Last year, a line item tucked into the state’s general appropriation bill would have made funding available to give semaglutide, a receptor agonist for human glucagon-like peptide-1 which is the basis for several drugs such as Wegovy, Ozempic, Monjauro, and Rybelus, to state employees that suffered from obesity. Republican Gov. Jeff Landry vetoed that.

And wisely so, for the monthly injections would have imposed a tremendous cost that must continue for effectiveness to kick in and stay in. Lifestyle changes, of which Landry has signaled at least indirect support for through his healthy eating initiatives, would just as effective if not even more so for weight loss and shedding of problems related to obesity. It would cost the state little to engage in campaigns urging personal responsibility to eat right and less, and to exercise more.

However, the idea has returned and even expanded. SB 433 by Democrat state Sen. Gerald Boudreaux, which he brought on behalf of the American Diabetes Association, would allow Medicaid adults classified as Class 2 obese (but not those defined as severely obese) free access to the semaglutide drugs as long as they also had a co-morbidity. Currently, Louisiana Medicaid already covers such drugs for those who suffer weight gain as an outcome of a chronic condition, but this would cover conditions that could be a consequence of obesity.

Until recently, data indicated this would cost state taxpayers upwards of $55 million a year. But the Republican Pres. Donald Trump Administration has jawboned these drugs’ manufacturers to offer steep discounts which could drop the state’s cost to a fifth of that, which in financial terms could make the deal much more possible. The amended version also includes a disclaimer that it would operate only if the Legislature made a specific appropriation.

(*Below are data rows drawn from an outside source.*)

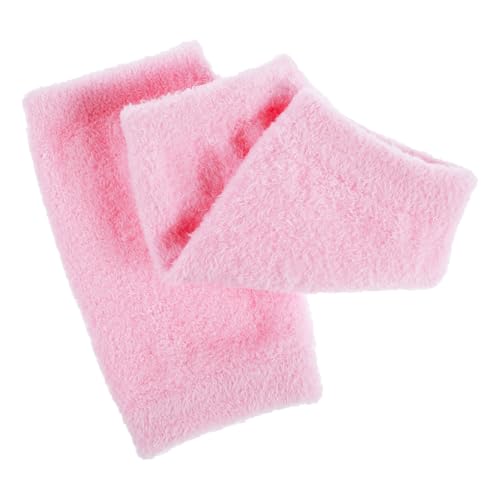Ptwola 1 par de fundas de gel para codos, coderas hidratantes, tendinitis, coderas de tenis, para loción de spa, hidratante, cuidado de la piel seca y agrietada, reduce los entrenamientos, dolor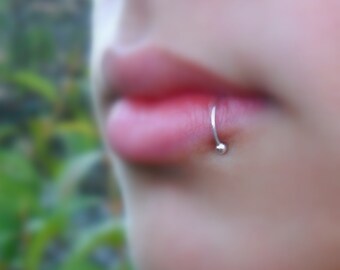 FAKE Lip Ring - Faux Lip Ring - Sterling Silver - Lip Cuff - Non pierced - Silver Fake Lip Ring - Lip Jewelry - Lip Ring - Lip Hoop Ring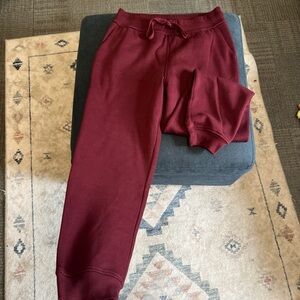 Burgundy Jogger Sweatpants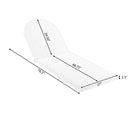 Outdoor Rope Chaise Lounge Set with Adjustable Backrest and Teak Look Side Table by HouseOfZazla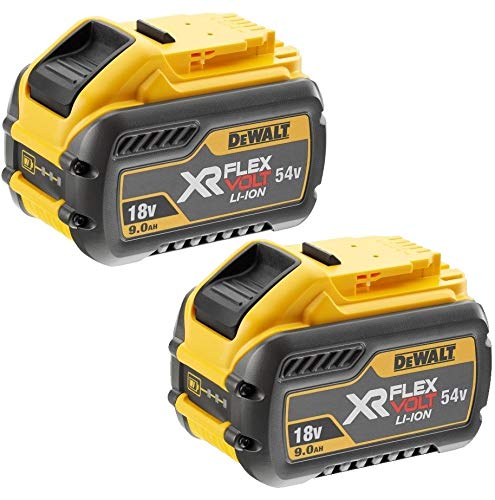 DEWALT DCB547 18v / 54v XR FLEXVOLT 9.0ah Batería DCB547-XJ-Twin Pack, 18V, Amarillo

But even that doesn’t justify putting this into law. The real problem lies not with money, but the speculative nature over the long haul of the drug’s effects. Chemically, semaglutide is much like, but not identical to, the naturally-occurring GLP-1, manifested principally in that the former spends far longer – about 10,000 times longer – in the body. As yet, there have been no long-term studies of the drug, but even the shorter-term efforts have revealed some problems, such as digestion-related ailments, nutritional deficiencies and muscle loss, and increased osteoporosis and gout. As well, initial research raises the possibility that discontinuing the drug can have negative cardiovascular implications, which the bill mandates if there is enough improvement.

(There are two other alternatives to semaglutide: tirzapatide and liraglutide. However, both also intervene with the GLP-1 receptor, which carries the same questions marks as a result.)

Medicaid could save money from not having to treat obesity complications, such as prediabetes moving to its full-blown version, that could exceed the costs of the drug, as well as having healthier residents. Yet lifestyle changes could do the same without exposing users, subsidized by taxpayers, to the risks not yet fully evaluated over the long term after usage, whether briefly or for a sustained period.

If the bill continues, for this reason Landry may have to play goalie again and block this attempt that has yet to acquire enough justification to make taxpayers cough up dollars that counterproductively could make the health of some recipients worse, aside from the fact that solutions involving less taxpayer expense but greater fortitude among intended recipients remain available and best for now.